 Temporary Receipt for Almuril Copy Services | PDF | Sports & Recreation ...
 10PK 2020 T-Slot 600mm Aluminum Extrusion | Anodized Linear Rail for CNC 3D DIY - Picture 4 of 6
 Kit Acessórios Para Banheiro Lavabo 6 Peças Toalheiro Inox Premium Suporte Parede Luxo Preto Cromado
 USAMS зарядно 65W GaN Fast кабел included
===
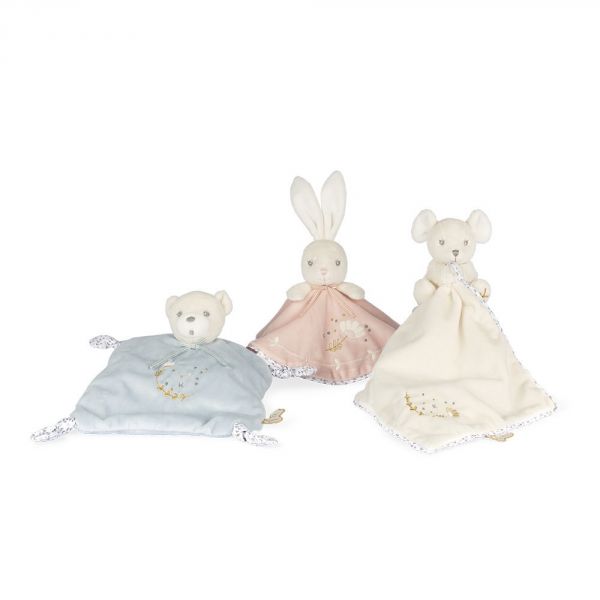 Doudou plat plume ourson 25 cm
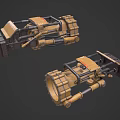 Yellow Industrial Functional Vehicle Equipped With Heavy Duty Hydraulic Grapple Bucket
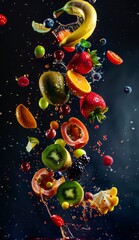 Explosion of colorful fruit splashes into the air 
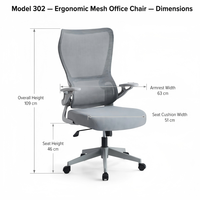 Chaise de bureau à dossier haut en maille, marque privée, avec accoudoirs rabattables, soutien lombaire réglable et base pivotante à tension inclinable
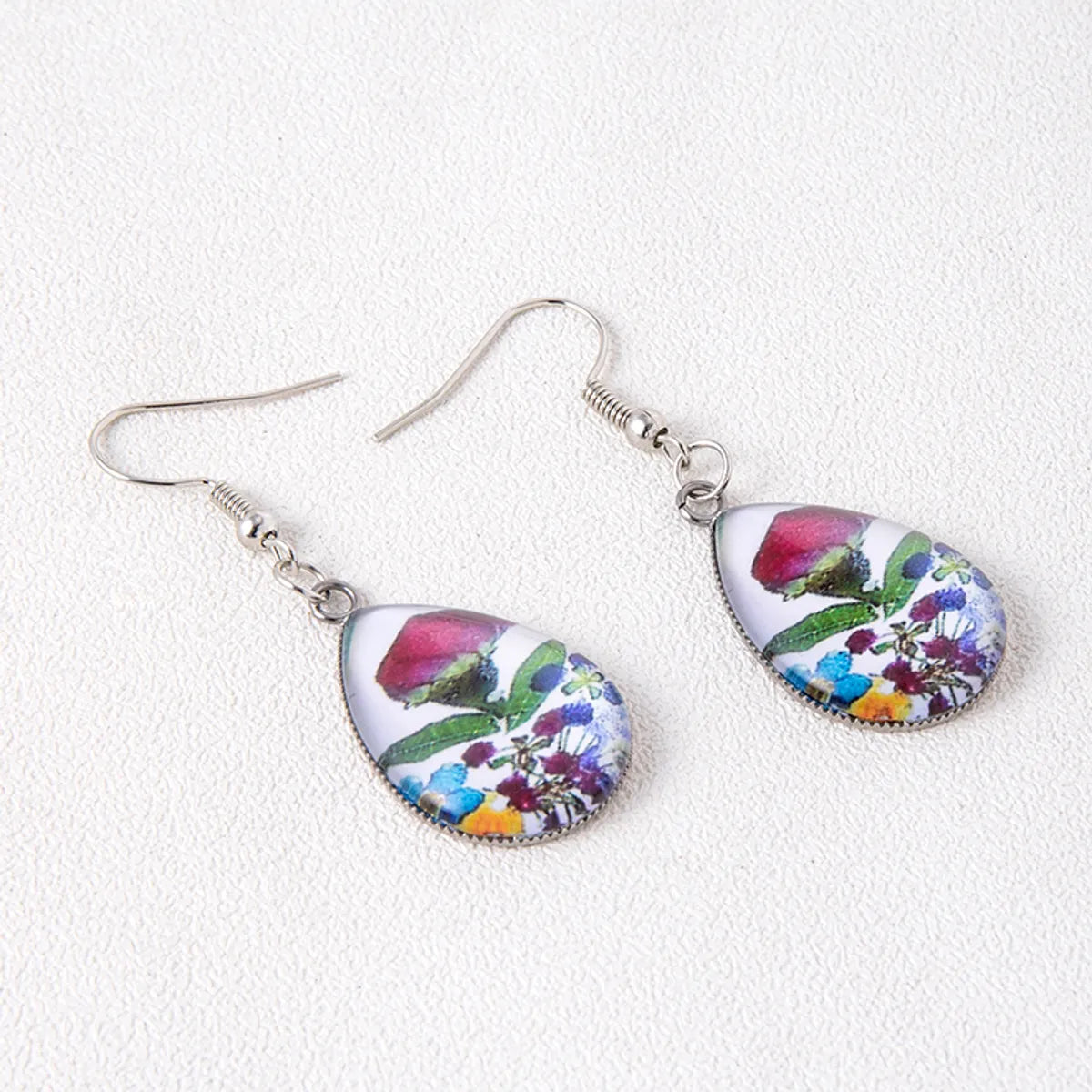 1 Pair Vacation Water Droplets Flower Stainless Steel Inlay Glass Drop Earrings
===
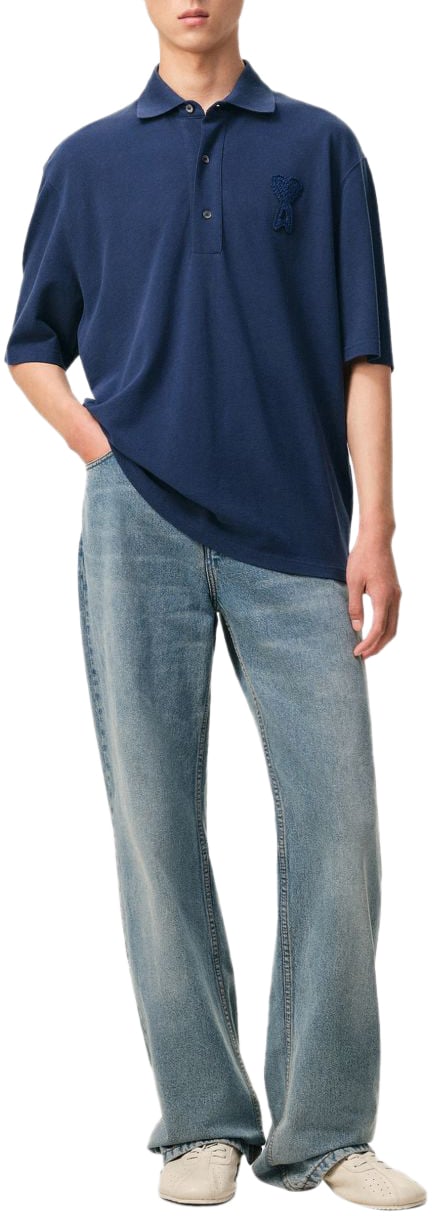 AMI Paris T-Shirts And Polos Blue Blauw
===
* _Work task_
Output exactly, and only, the lines of the entries above from the one with "Chaise de bureau" up to and including the one with "1 Pair Vacation"; pictures are to be left out.

* _Solution to the problem_
 Chaise de bureau à dossier haut en maille, marque privée, avec accoudoirs rabattables, soutien lombaire réglable et base pivotante à tension inclinable
 1 Pair Vacation Water Droplets Flower Stainless Steel Inlay Glass Drop Earrings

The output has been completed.